| Data below |
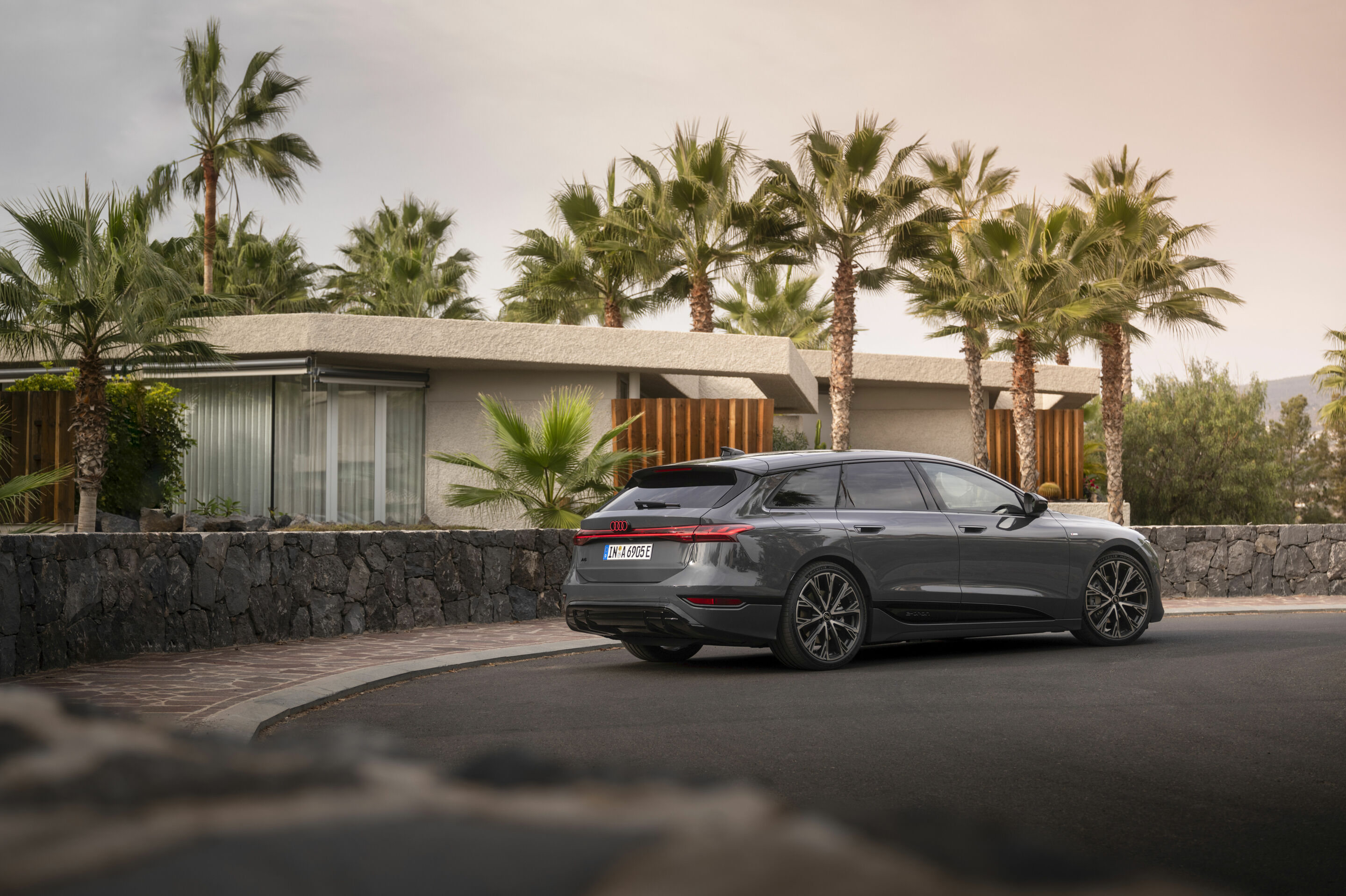 Audi A6 Avant e-tron - Standaufnahme,
Farbe: Magnetgrau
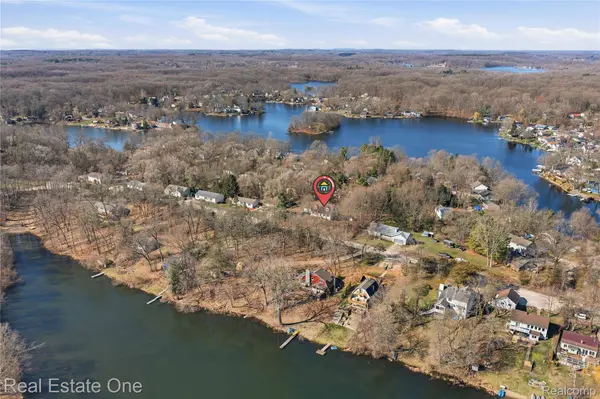 11458 College AVE, Putnam Township, MI 48169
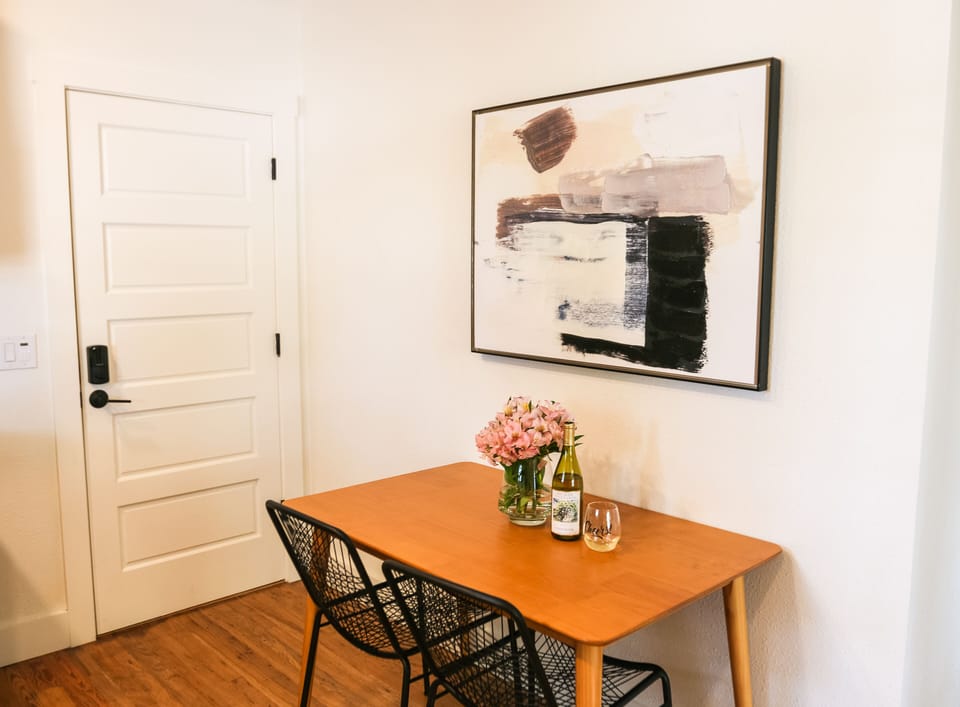 Poppy House - Kitchen Table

| Your instructions |
Only the pictures are to be left out; write out all the other data exactly.

| Task response |
 Audi A6 Avant e-tron - Standaufnahme,
Farbe: Magnetgrau
 11458 College AVE, Putnam Township, MI 48169
 Poppy House - Kitchen Table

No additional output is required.